(What to produce):
When you reach the line in the listing below that contains "3850 Catalina Boulevard", begin returning lines exactly as written, and stop after the line that contains "Porsche 991 GT2". Return no other lines.

(Records to process):
++++

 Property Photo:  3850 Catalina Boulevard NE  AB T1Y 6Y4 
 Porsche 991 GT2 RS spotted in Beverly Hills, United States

++++

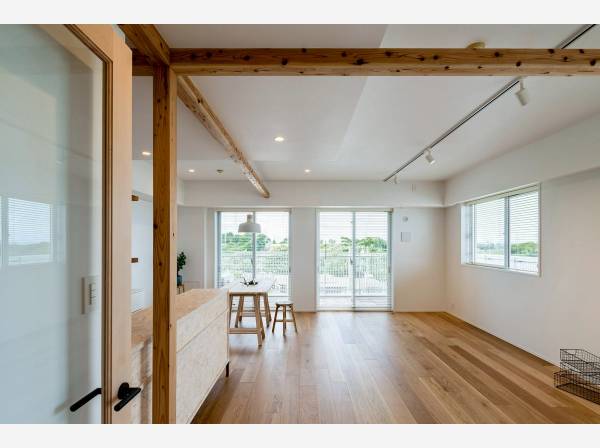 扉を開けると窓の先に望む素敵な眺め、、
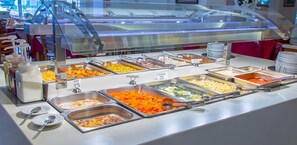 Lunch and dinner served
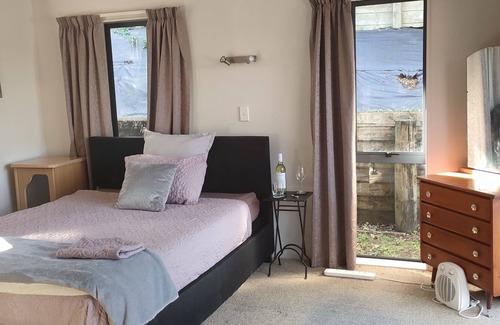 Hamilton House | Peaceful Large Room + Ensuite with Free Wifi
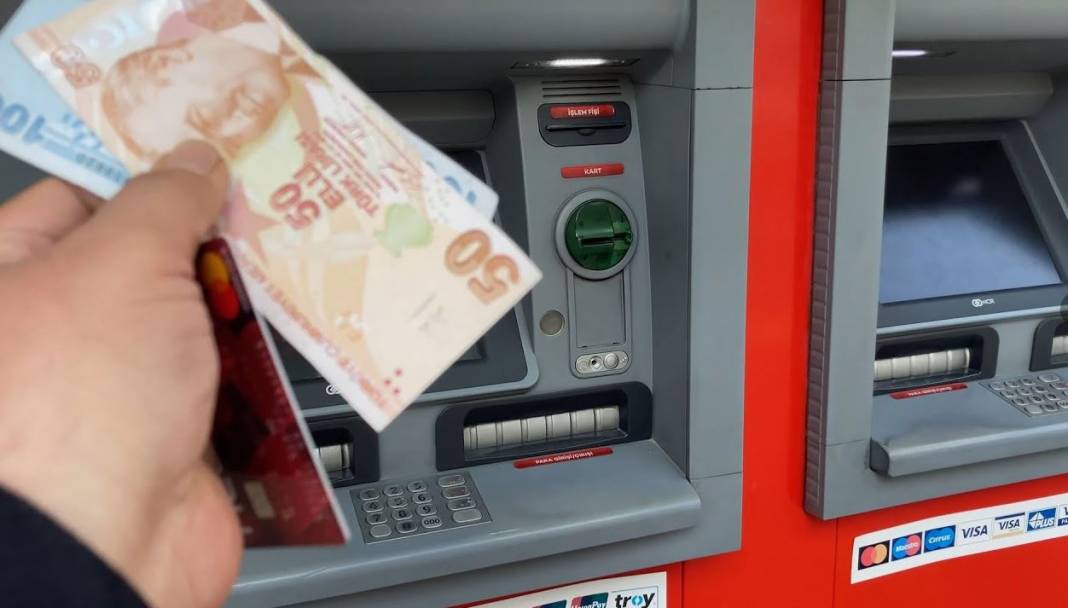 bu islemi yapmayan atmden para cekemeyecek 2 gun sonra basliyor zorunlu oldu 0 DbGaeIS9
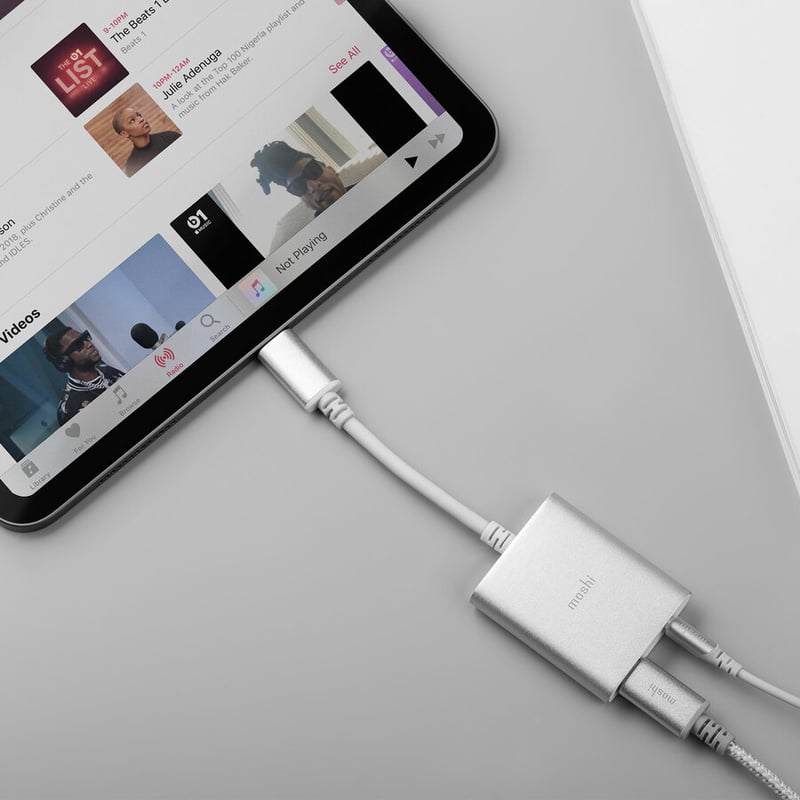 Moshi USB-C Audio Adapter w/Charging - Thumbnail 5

++++

(Solution to this task):
 Property Photo:  3850 Catalina Boulevard NE  AB T1Y 6Y4 
 Porsche 991 GT2 RS spotted in Beverly Hills, United States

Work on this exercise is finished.